Onde reside o problema do piso? Todos, hoje, reconhecem sua necessidade e urgência como um plano de cargos e carreira e um tempo dedicado ao trabalho escolar voltado para o exercício do ato docente em sala. O problema reside no fato real de que o piso está tendo que se adaptar aos diferentes modos de carreira existentes nos entes federativos. Eles são muito distintos e aí é que deveria entrar a função supletiva da União em compensar as dificuldades financeiras até que se estabeleçam diretrizes nacionais comuns mínimas para todos os entes federativos à luz das quais se fariam as redefinições nas carreiras dos Estados e Municípios. Isso só uma mesa interfederativa poderá dar conta, dada a complexidade do assunto.
Assim, excetuado o salário do piso, o mais deveria conhecer um caminho de transição, fruto de um consenso mais amplo.
Na mídia coloca-se o problema de educação brasileira como sendo basicamente falta de verba. Por outro lado, percebe-se uma desarticulação entre as diversas esferas da educação pública brasileira. A seu ver, qual a postura e o pensamento que devem nortear essas discussões, afim de alcançarmos resultados concretos?
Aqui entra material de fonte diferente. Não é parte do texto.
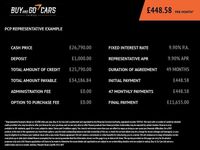 Used Mercedes GLC300 AMG line 2020 Blue SUV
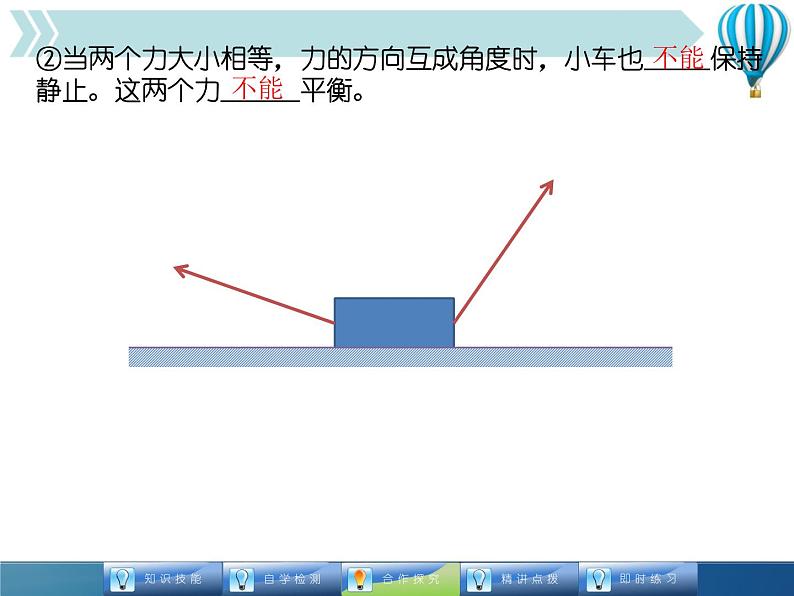 8.2 二力平衡精品教学课件第6页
O lado conservador da luta em torno da insuficiência de recursos proclama que eles são mal geridos e carentes de avaliação. E insistem na avaliação de desempenho dos docentes. O lado corporativo insiste na insuficiência de recursos e topa a avaliação desde que haja melhoria das condições. Ambos os lados concordam com a formação permanente e continuada. É preciso reconhecer que a falta de verbas vêm prejudicando de modo significativo a maior atração para a carreira e trazendo uma radiografia de desânimo dos que atuam na docência. Por outro lado, as avaliações vieram e vieram para ficar. Elas são necessárias, porém devem ser repensadas. O problema é que os sucessivos governos se distanciaram de tal modo do "chão da escola", os docentes foram se tornando desanimados com tanta descontinuidade de políticas e de programas, que só os movimentos sindicais deram voz a estes profissionais. Sem recuperar um campo de diálogo e de negociação, fica difícil não ver a continuidade desse dualismo.